◆ Activity ◆
Pictures are to be left out; every line from the one that holds "Image 21 of 48 For 3833 Villamore Lane" to the end of the data is to be retyped exactly.

◆ Source material ◆

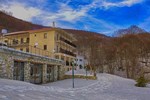 Отель Hotel Manthos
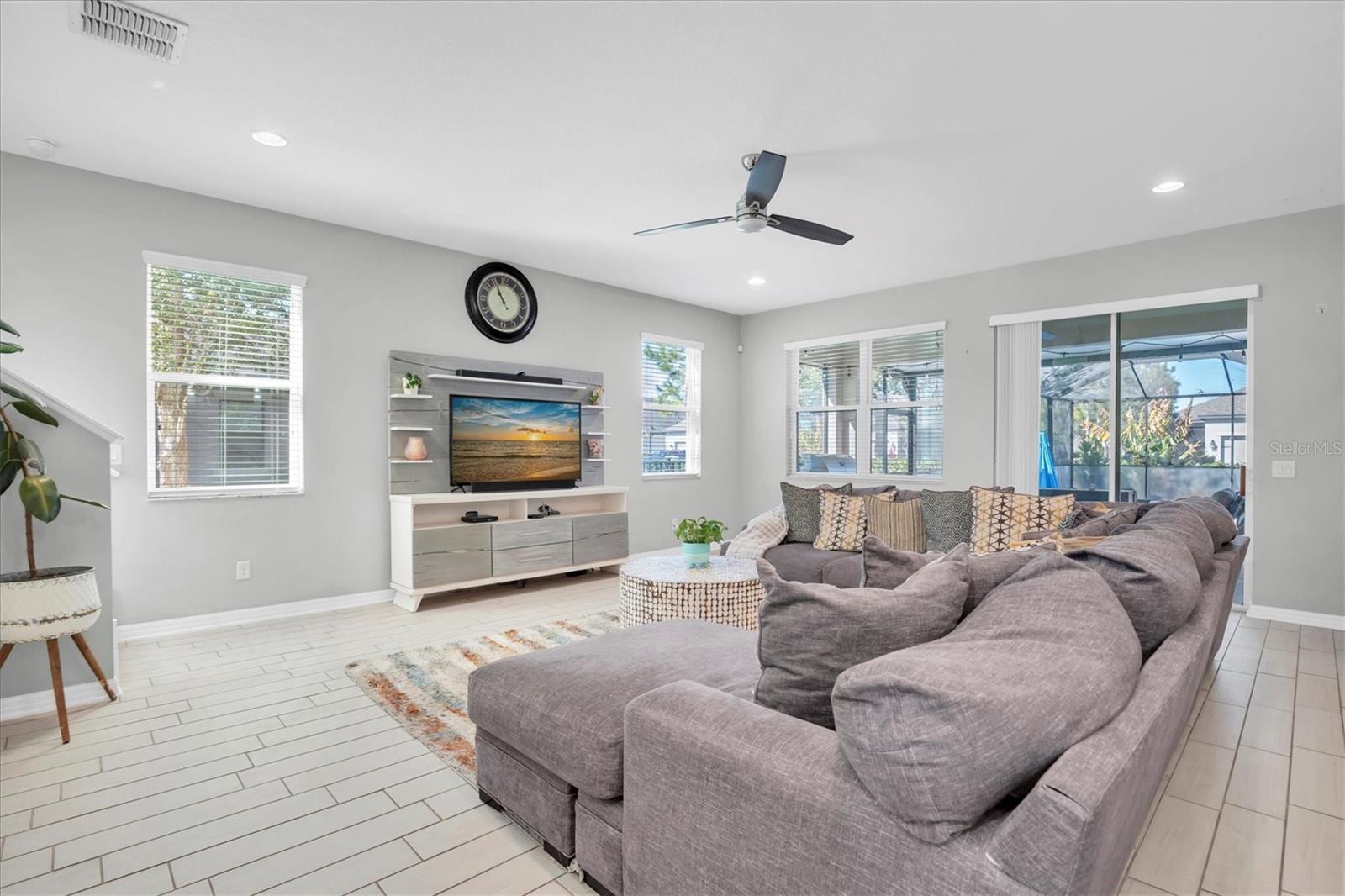 Image 21 of 48 For 3833 Villamore Lane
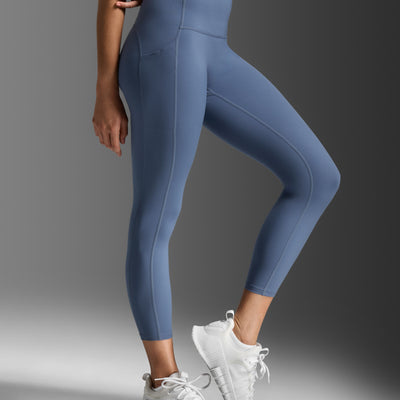 Form Stash Hi-Rise Compression 7/8 Tights with Pockets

◆ Solution to the problem ◆
 Image 21 of 48 For 3833 Villamore Lane
 Form Stash Hi-Rise Compression 7/8 Tights with Pockets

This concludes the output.